The Cottage was one of Frank Lloyd Wright's last commissions. It's in Mirror Lake State Park, in Lake Delton, WI. It has one bedroom, a Manhattan-size kitchenette (with a Subzero fridge/freezer, that Wright specified), and a sizable living area, just perfect for 29 guests. The entire floor is flagstone, heated from beneath. One wall of the living area is all windows, as well as about half the two walls that immediately adjoin this one. There is a large, open stone fireplace behind the kitchen, and a built-in settee on another wall. The non-glass walls in this area are made of sandstone, with some of the bricks sticking out far enough to accommodate the candles that had been placed there by Eric and Amanda.

The bedroom featured built-in wooden closet space and a queen-size bed. The bathroom was reached through the bedroom. Its most interesting feature was the corner shower -- only a curtain on a curved ceiling track separated it from the rest of the room. A drain was perfectly positioned in the stone floor.

It was into this wonderful, warm space that we stepped, as the family was snapping pictures and the caterers were busily setting up. Amanda looked classically beautiful in a long, straight, ivory dress that was made entirely of delicate needleworked flowers. Eric was smashing in his black tuxedo with a gorgeous painted vest.

Robert, Jennifer, Eric, Amanda, Phil, Sheila, and Marshall Eric's mother & stepfather Eric and his father, Marshall Amanda's friends, Laura, Elise, and Adam
As the ceremony started, Eric and Amanda thanked each of the guests individually for their unique contributions to their relationship. They had written their own vows, and with amazing confidence and calmness, they spoke about their great love for each other. How they promised to be completely devoted to each other, and wished to give each other every opportunity to grow individually and do what they wanted in their own lives. How they will be loving parents when the time comes.

They had engaged the services of county commissioner Leo Grill (whimsically chosen for his cool name, according to Eric) for the legal part, and when the time came, Leo had us all pronounce them “husband and wife” together (except that it came out more like “man and wife” due to the decibel level of the traditionalists in the room)

After the ceremony, we feasted and drank merrily, for about seven hours. It was wonderful. The caterers actually cooked most of the food at the cottage. The dinner was like eating in an intimate, private restaurant. All six courses were excellent. We dimmed the lights and lit all of the candles. Eric and Amanda had taken special care of special details like the music. They had recorded a total of eight hours' worth of music on five tapes, perfectly timed so that the jazz section would play during dinner. They had also wired the cottage for sound, with speakers discreetly hidden in corners, on shelves, and even in the fireplace.

This was the first wedding we had ever been to with door prizes. The prizes were given out for a variety of things, such as noting the music which was playing, noting that the window trim Wright designed for the cottage matched the design on the envelope the invitation came in, and for making particularly memorable toasts to the bride and groom.
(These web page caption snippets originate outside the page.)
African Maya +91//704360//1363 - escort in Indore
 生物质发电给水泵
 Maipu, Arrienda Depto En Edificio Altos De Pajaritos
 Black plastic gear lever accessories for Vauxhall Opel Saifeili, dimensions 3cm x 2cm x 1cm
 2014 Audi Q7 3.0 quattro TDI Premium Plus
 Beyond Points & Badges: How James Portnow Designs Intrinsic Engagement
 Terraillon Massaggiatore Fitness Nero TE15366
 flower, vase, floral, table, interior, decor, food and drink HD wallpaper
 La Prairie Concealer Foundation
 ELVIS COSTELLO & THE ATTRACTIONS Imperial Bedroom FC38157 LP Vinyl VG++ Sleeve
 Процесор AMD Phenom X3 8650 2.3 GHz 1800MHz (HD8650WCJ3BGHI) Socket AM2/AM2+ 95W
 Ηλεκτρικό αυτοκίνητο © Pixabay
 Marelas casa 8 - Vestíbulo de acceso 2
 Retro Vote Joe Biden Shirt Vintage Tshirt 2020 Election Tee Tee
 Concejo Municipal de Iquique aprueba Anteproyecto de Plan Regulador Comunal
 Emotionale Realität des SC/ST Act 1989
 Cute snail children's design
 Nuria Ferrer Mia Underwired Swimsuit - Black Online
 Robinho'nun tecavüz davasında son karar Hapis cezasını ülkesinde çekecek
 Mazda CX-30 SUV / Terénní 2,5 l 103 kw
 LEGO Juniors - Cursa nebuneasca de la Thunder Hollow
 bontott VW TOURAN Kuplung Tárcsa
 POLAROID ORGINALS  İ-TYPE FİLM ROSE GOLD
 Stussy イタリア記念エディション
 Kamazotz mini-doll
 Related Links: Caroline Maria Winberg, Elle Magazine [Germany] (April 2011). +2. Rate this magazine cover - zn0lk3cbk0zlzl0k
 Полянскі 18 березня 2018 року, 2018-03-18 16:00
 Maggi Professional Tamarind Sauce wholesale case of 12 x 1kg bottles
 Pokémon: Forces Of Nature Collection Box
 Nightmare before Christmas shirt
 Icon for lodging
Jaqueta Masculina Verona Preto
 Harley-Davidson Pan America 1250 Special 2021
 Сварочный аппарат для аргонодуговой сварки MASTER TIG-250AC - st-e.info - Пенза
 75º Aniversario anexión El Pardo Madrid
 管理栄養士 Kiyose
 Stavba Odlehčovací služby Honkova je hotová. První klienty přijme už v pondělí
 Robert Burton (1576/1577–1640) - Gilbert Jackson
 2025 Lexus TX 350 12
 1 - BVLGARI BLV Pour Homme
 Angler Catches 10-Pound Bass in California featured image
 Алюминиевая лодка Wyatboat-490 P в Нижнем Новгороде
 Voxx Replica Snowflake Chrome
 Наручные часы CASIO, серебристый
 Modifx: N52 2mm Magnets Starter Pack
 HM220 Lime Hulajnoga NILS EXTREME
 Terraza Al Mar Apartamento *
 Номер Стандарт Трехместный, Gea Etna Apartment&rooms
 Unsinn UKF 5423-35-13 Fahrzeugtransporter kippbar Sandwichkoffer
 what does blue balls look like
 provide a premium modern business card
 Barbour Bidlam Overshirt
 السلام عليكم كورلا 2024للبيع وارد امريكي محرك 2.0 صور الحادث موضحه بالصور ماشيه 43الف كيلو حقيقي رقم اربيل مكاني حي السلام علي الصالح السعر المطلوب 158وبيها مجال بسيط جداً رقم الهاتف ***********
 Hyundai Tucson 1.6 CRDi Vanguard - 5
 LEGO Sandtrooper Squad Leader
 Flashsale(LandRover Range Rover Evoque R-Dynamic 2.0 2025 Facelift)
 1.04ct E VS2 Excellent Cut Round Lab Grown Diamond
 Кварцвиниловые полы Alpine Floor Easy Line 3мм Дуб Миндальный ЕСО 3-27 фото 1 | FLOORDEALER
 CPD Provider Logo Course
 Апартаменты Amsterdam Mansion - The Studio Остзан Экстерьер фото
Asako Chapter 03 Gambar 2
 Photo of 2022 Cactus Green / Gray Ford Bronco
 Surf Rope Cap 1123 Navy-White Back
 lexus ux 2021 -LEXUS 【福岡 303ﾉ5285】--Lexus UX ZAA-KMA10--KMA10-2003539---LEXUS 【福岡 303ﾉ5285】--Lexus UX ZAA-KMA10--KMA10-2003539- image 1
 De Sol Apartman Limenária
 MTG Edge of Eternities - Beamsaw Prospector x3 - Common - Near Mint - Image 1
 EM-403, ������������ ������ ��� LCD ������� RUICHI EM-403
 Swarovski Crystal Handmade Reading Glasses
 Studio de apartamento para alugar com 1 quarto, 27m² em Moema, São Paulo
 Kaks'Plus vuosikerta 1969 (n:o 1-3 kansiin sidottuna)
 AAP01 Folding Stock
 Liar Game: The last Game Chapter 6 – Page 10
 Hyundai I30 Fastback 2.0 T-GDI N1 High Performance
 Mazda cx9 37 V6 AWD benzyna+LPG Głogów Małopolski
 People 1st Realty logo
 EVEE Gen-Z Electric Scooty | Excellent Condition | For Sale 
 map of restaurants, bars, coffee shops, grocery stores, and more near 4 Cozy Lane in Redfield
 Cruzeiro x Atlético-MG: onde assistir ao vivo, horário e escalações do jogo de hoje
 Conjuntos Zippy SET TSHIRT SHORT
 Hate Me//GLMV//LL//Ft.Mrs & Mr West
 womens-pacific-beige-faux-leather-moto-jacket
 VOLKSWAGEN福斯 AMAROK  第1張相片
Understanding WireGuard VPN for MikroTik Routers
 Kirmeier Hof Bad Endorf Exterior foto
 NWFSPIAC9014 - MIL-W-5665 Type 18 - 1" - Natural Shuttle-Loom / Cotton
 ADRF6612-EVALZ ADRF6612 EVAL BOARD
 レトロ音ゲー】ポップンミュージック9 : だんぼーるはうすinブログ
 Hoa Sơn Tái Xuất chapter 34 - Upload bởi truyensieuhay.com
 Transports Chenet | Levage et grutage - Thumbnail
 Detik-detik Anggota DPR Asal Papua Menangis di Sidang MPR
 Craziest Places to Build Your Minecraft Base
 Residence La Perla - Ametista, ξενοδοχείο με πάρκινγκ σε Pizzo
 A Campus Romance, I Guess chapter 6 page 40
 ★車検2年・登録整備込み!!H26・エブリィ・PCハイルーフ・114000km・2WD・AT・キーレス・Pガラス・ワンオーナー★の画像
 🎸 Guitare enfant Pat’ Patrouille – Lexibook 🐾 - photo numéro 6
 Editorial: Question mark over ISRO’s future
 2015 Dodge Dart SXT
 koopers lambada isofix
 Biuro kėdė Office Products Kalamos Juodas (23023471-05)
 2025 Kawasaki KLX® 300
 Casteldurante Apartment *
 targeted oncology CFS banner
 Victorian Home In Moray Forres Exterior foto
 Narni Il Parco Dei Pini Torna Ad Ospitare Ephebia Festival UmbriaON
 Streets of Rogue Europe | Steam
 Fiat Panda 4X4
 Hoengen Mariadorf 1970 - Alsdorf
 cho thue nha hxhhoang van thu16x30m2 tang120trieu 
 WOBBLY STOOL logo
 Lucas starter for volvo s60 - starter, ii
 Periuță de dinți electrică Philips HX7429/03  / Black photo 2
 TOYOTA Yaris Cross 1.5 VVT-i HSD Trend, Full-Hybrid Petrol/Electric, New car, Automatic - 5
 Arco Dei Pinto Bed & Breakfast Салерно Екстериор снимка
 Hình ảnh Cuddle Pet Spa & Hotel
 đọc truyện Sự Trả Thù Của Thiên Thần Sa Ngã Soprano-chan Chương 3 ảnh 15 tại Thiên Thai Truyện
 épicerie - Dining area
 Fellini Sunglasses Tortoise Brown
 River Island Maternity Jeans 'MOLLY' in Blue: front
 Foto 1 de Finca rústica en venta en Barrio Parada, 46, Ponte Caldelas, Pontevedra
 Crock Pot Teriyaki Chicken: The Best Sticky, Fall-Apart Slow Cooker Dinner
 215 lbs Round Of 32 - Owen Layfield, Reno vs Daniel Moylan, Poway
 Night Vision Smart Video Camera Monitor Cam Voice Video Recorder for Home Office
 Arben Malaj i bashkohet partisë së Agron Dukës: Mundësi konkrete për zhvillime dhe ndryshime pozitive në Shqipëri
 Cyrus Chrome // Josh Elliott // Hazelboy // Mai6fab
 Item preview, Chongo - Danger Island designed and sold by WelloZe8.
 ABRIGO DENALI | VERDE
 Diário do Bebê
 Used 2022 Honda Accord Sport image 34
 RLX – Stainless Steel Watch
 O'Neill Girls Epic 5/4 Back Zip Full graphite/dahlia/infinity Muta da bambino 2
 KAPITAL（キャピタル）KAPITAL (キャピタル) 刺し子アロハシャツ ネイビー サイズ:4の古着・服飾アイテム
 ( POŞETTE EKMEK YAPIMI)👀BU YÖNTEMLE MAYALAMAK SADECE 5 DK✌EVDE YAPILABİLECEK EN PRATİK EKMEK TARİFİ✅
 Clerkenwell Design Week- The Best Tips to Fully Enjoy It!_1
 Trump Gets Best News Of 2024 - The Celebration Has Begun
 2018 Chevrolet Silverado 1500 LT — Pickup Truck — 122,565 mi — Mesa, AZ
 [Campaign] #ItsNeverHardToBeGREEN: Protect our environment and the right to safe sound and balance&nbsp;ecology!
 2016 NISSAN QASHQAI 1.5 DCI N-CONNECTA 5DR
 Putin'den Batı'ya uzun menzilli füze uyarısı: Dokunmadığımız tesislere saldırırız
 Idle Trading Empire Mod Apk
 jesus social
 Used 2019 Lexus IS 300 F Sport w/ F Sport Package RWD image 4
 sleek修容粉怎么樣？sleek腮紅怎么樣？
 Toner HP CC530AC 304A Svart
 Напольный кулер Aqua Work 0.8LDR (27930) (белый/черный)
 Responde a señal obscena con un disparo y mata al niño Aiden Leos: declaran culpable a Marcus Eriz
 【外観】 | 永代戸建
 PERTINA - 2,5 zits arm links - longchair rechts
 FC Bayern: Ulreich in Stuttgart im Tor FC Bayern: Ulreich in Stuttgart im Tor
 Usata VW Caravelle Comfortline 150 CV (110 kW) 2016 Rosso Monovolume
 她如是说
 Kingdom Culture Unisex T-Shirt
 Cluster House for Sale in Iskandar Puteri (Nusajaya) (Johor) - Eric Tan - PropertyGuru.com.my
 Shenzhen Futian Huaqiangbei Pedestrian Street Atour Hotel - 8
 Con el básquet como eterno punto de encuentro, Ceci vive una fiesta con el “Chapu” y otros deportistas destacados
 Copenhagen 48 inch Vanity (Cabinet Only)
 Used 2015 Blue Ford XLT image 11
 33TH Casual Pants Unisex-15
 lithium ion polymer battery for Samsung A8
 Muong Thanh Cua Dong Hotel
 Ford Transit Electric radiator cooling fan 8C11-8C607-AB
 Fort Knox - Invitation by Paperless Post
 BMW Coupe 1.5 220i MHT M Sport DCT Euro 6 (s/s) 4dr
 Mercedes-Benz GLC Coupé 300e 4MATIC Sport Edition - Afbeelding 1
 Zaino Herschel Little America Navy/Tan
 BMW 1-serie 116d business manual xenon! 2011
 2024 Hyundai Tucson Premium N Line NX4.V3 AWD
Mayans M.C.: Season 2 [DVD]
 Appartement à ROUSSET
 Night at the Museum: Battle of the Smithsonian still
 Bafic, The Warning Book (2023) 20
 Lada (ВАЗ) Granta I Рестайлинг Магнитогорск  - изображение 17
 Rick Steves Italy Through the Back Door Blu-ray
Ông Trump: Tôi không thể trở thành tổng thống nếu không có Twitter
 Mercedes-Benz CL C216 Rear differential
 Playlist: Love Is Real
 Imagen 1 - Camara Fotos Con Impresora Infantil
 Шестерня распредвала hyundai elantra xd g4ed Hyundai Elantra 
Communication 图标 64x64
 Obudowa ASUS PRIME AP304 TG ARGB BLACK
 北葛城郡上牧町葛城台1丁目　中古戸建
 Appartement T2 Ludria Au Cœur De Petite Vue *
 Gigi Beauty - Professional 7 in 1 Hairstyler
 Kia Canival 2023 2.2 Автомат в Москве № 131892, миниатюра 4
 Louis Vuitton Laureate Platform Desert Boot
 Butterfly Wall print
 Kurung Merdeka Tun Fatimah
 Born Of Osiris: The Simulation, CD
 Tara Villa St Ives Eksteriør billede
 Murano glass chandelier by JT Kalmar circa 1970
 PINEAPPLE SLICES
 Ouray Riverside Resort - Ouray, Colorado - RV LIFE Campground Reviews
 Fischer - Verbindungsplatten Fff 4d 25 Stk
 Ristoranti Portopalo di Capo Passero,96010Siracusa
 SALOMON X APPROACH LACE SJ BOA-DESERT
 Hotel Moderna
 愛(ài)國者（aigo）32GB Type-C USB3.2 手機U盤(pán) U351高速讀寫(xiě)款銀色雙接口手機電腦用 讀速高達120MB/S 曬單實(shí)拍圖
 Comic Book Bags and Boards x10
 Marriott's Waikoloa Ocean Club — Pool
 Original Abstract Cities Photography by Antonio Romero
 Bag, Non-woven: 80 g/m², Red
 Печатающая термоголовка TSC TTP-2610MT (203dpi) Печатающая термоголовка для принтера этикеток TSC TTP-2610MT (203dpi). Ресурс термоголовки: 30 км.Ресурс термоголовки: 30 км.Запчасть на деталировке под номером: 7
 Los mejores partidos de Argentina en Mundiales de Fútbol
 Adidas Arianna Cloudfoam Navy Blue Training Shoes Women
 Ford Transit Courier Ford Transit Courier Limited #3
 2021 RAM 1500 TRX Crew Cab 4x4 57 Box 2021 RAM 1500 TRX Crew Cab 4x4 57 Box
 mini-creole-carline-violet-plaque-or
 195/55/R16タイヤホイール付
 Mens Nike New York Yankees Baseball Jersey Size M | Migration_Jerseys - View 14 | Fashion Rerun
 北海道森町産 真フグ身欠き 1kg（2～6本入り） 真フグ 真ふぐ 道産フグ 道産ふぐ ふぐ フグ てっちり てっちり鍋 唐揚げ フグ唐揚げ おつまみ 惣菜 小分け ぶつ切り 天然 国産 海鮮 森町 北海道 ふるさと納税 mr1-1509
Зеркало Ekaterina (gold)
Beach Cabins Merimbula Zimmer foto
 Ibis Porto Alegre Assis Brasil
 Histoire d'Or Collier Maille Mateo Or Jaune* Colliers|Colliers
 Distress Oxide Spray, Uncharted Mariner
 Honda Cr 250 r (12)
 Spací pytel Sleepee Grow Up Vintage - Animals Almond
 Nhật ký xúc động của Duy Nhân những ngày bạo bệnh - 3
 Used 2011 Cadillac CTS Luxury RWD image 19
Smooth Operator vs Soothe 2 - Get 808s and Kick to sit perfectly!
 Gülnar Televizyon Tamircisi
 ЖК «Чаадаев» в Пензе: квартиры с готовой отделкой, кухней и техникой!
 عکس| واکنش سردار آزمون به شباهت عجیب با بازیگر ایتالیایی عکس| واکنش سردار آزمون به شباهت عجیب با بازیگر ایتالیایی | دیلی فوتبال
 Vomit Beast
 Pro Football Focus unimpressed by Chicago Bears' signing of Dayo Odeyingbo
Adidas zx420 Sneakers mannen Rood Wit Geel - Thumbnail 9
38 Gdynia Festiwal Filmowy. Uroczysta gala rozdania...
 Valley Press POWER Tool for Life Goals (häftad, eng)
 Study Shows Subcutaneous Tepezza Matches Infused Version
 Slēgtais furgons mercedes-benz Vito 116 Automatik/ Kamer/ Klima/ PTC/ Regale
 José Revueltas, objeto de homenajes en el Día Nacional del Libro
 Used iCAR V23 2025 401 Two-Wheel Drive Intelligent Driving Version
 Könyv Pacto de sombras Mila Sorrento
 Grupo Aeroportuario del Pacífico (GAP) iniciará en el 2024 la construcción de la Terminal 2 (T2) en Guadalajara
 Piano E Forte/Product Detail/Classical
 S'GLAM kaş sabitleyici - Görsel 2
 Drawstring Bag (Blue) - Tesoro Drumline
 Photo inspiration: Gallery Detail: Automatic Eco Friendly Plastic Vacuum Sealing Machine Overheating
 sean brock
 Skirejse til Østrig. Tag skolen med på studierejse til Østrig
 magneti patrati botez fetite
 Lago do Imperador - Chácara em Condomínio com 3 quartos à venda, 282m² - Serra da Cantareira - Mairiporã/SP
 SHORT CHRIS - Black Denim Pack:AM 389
For door prizes, they gave out “Eric and Amanda” trading cards, series A and series B, with their pictures and “Fun facts” about Eric & Amanda on them, cassette tapes of the music that they were playing, post cards with pictures of the cabin, Frank Lloyd Wright mugs and other memorabilia, and Wisconsin shot glasses.

All in all, we feasted for about seven hours, and a number of people became members of the “six wine club” (so named because a different wine was served with each course). Several times, ejs reminded everyone of ricko's rule -- to drink one glass of water for every two glasses of wine. Everyone talked to everyone else. It really was a most fabulous day. Even though the cottage was really rather small, the warmth of those in attendance made it seem large. Though we were in the middle of the woods, miles from anywhere, it seemed like the center of the universe. It was nearly midnight when we finally left.

Mazeltov to Amanda and Eric. We know you will have a wonderful life together.